Gerald Clayton Announces Second Blue Note Album, ‘Bells On Sand’
Featuring contributions from saxophonist Charles Lloyd, the new record will be released April 1 on vinyl, CD, and digital formats.
Grammy-nominated pianist Gerald Clayton returns with Bells On Sand, his ravishing second album for Blue Note Records, which will be released April 1 on vinyl, CD, and digital formats. Clayton has shared the album’s first track, “Water’s Edge”, which you can check out below.
The album explores the impact and abstraction of time over eleven tracks of fresh orchestration and original music with contributions from mentor Charles Lloyd on saxophone, father John Clayton on bass, longtime friend and peer Justin Brown on drums, and new collaborator MARO on vocals.
“Each musician on the record represents a different aspect of the axis of time and its shifting sands,” says the acclaimed pianist-composer.
“My father and Charles Lloyd, who has been a mentor figure to me, reflect new permutations of my past, and the lineage of elders who have shaped my development; Justin Brown, being my contemporary and musical brother, represents my present; and MARO represents the future—she is part of the next generation, and points to a brand new collaboration.”
Unadorned intimacy shapes the music. Gerald Clayton’s desire to share more of himself with listeners and fellow artists wields heady influence over his musical choices and his thoughtful curation of the entire album. But most striking is his ability to create quiet chambers for all four artists to be themselves. Bells On Sand opens in pensive resonance with “Water’s Edge.” The slow-peeling composition first spotlights Clayton’s relationship with John’s arco, tapered and doleful, before Brown transforms the duo into a trio.
“By the water, I experienced subtle environmental shifts,” he says. “Songs I would sing, play or write were but an expression of a particular shape in the sand at that moment. Any meaning behind what I created came from viewing that creation over a temporal landscape. A song felt a certain way on a certain day, and the next day would feel and function completely differently.”
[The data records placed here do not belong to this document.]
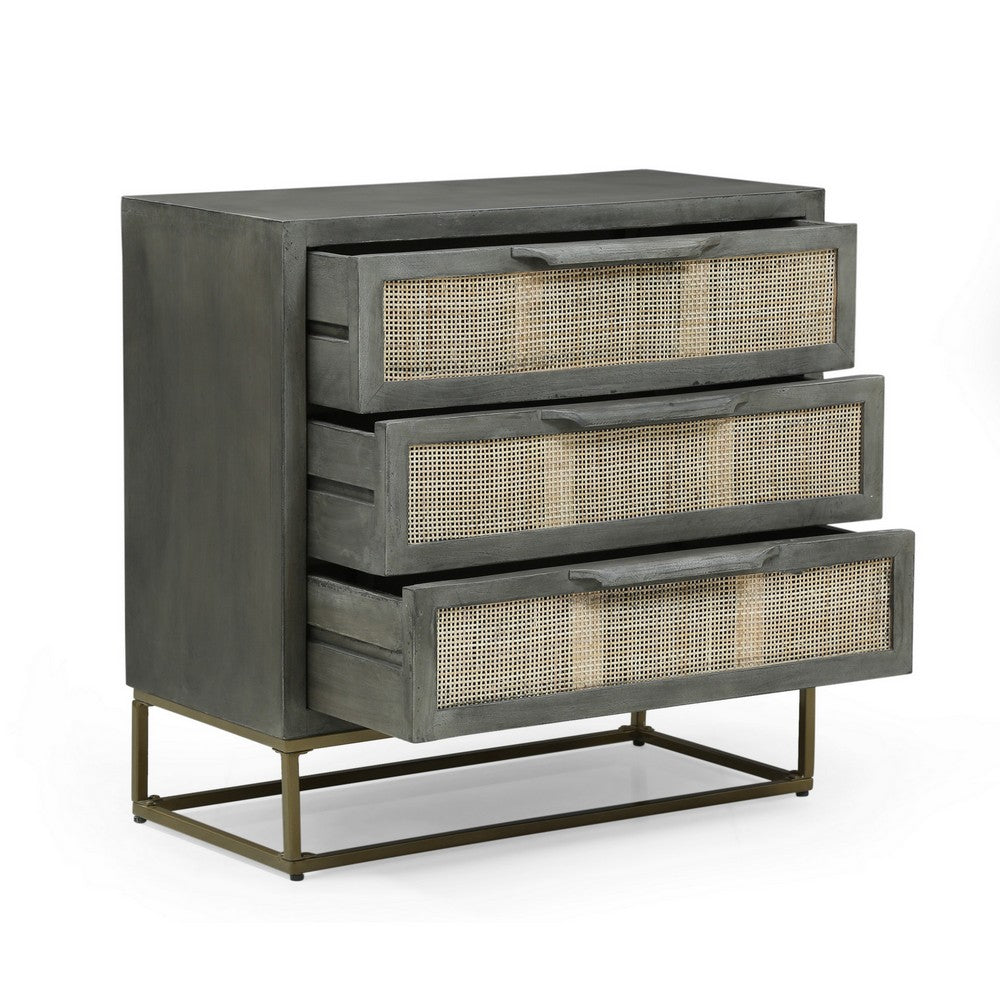 Nightstand Table Cabinet, 29 Inch, 3 Drawers, Boho Brown Mango Wood -BM327739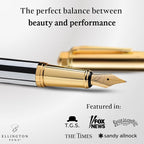 Ellington Pens Luxury Fountain Pen Set - Smooth Medium Nib- Includes 3 Ink Cartridges, Refillable Ink Converter, Gift Box- Fountain Pens For Writing, Calligraphy, Journaling, Sketching (Master Chopin)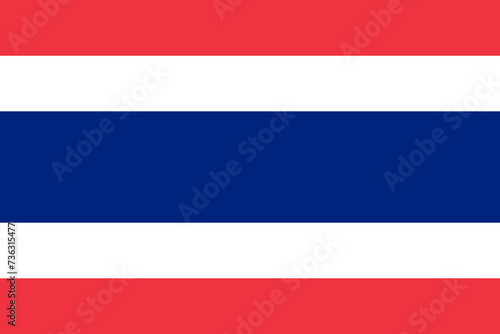 Close-up of red white and blue national flag of Asian country of Kingdom of Thailand. Illustration made February 14th, 2024, Zurich, Switzerland.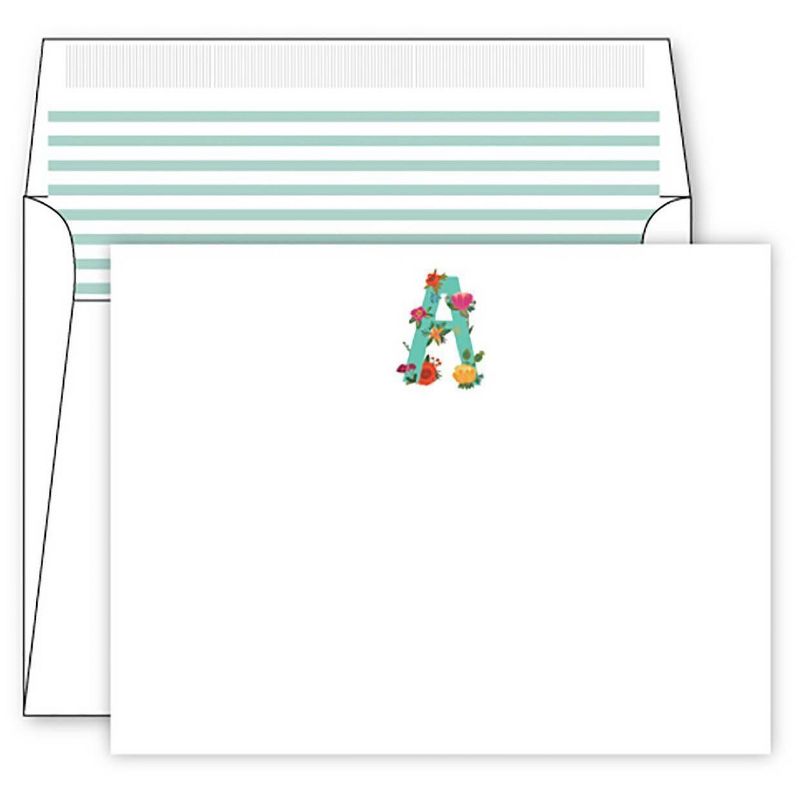 Die -Cut Social Set Vintage Floral Monogram - A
“I hope these reflections encourage people to step back and recognize that our testaments—songs, stories, intentions—lay atop an ever-shifting landscape,” says Clayton.
“To look at things from this zoomed-out perspective might allow for a union between past, present, and future. It might allow us to embrace the totality of our life experience. That we may consider the lessons from our past when living the present moment in a way that serves the future.”